[Source material Boundary: Start]

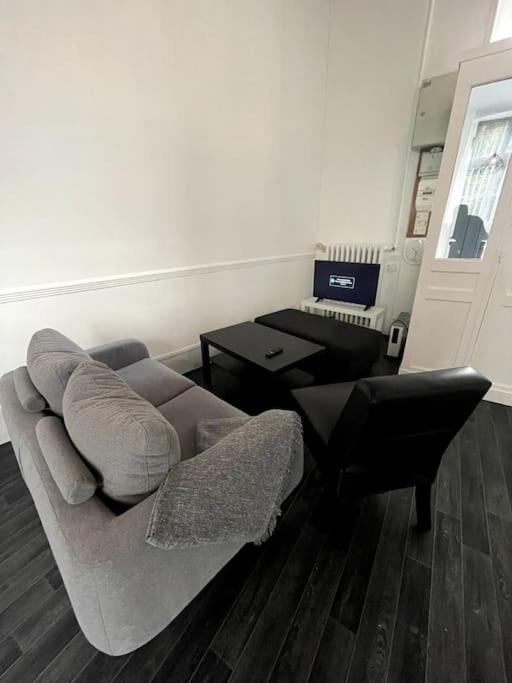 Agreable Maison De Ville Dans La Plus Belle Avenue Orleans Ngoại thất bức ảnh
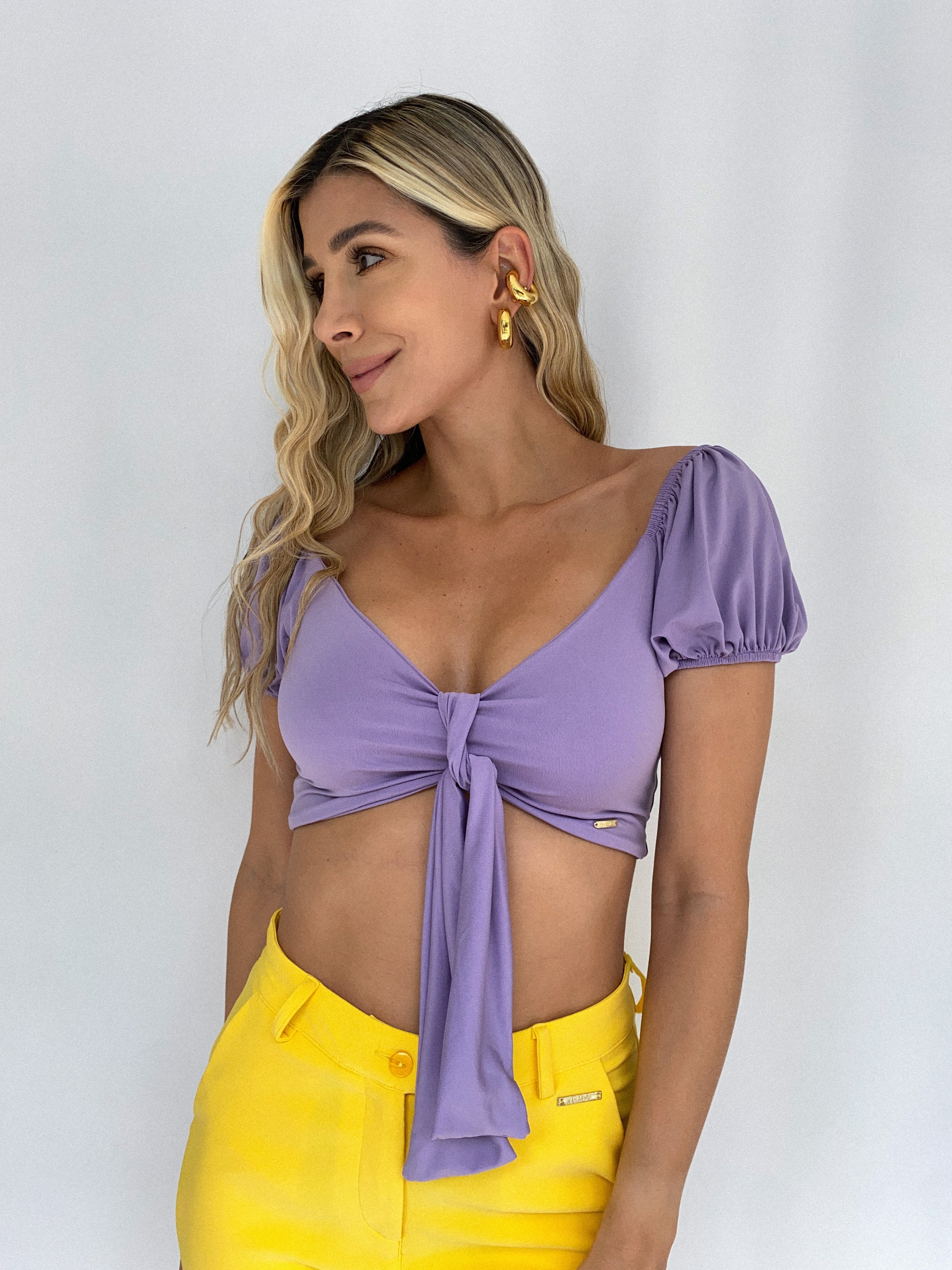 Blusa Corta Manga Corta Embombada Crotop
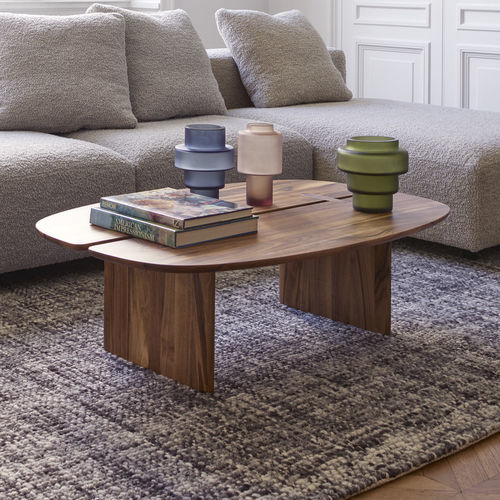 Couchtisch / originelles Design - INTERVALLE - Ligne Roset - Massivholz / Gestell aus Massivholz / oval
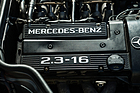 Mercedes-Benz 190 E 2.3-16 "Nürburgring" – erstmals mit prominentem Markenschriftzug auf dem Ventildeckel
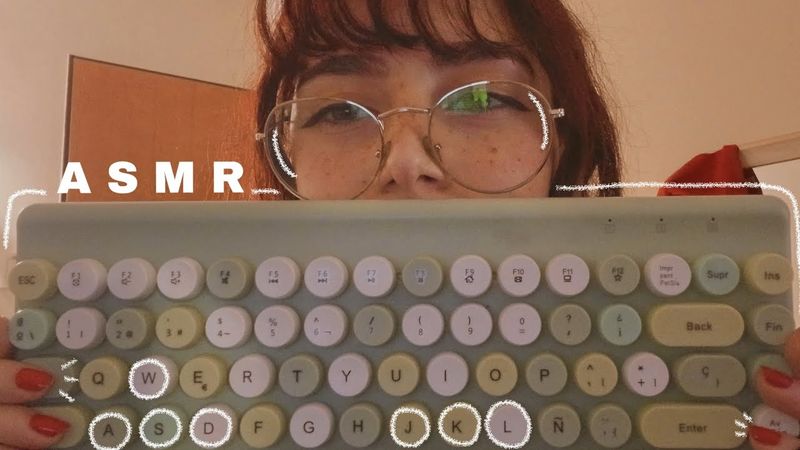 ¿Cansado? Mírame jugar en ASMR | mouth sounds, soft spoken, besitos, soniditos de teclados ִֶָ࣪ ☾.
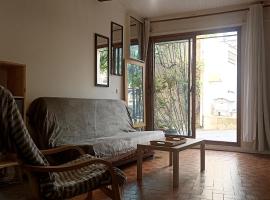 Studio privé - maison de village，位于瓦朗索尔的酒店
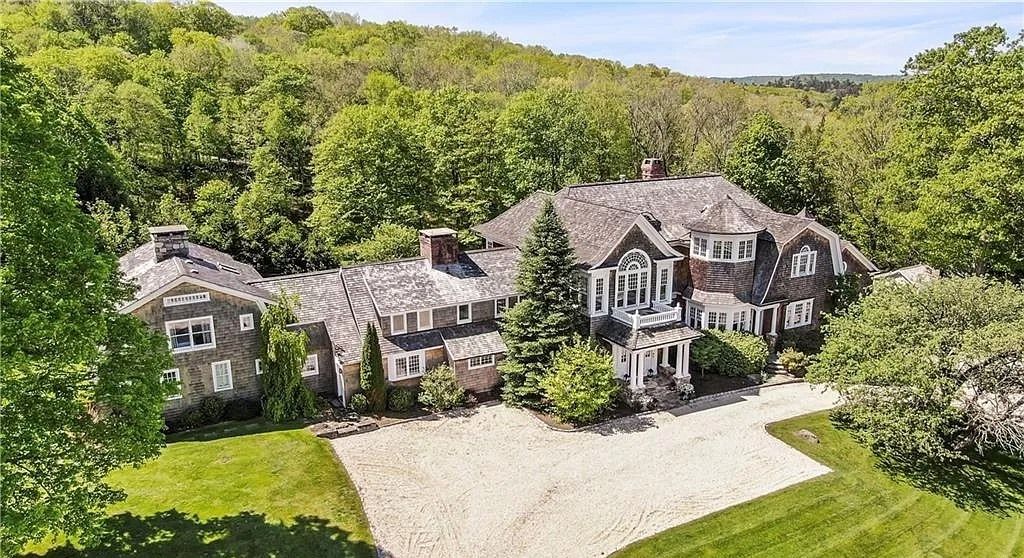 Explore-Endless-Possibilities-of-Satisfying-Your-Lifestyle-Demands-in-this-4750000-Elegant-Country-Estate-in-Connecticut-26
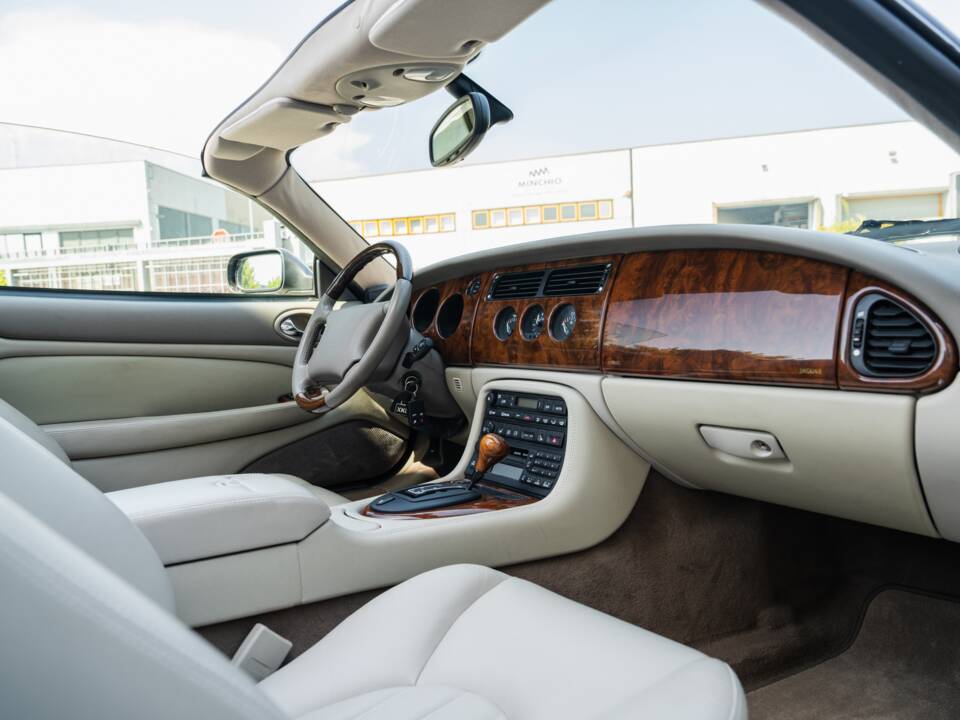 Image 45/91 de Jaguar XK8 4.0 (2000)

[Source material Boundary: End]

• Work task
Please repeat every record exactly as it stands, leaving out any pictures.

• Response below
 Agreable Maison De Ville Dans La Plus Belle Avenue Orleans Ngoại thất bức ảnh
 Blusa Corta Manga Corta Embombada Crotop
 Couchtisch / originelles Design - INTERVALLE - Ligne Roset - Massivholz / Gestell aus Massivholz / oval
 Mercedes-Benz 190 E 2.3-16 "Nürburgring" – erstmals mit prominentem Markenschriftzug auf dem Ventildeckel
 ¿Cansado? Mírame jugar en ASMR | mouth sounds, soft spoken, besitos, soniditos de teclados ִֶָ࣪ ☾.
 Studio privé - maison de village，位于瓦朗索尔的酒店
 Explore-Endless-Possibilities-of-Satisfying-Your-Lifestyle-Demands-in-this-4750000-Elegant-Country-Estate-in-Connecticut-26
 Image 45/91 de Jaguar XK8 4.0 (2000)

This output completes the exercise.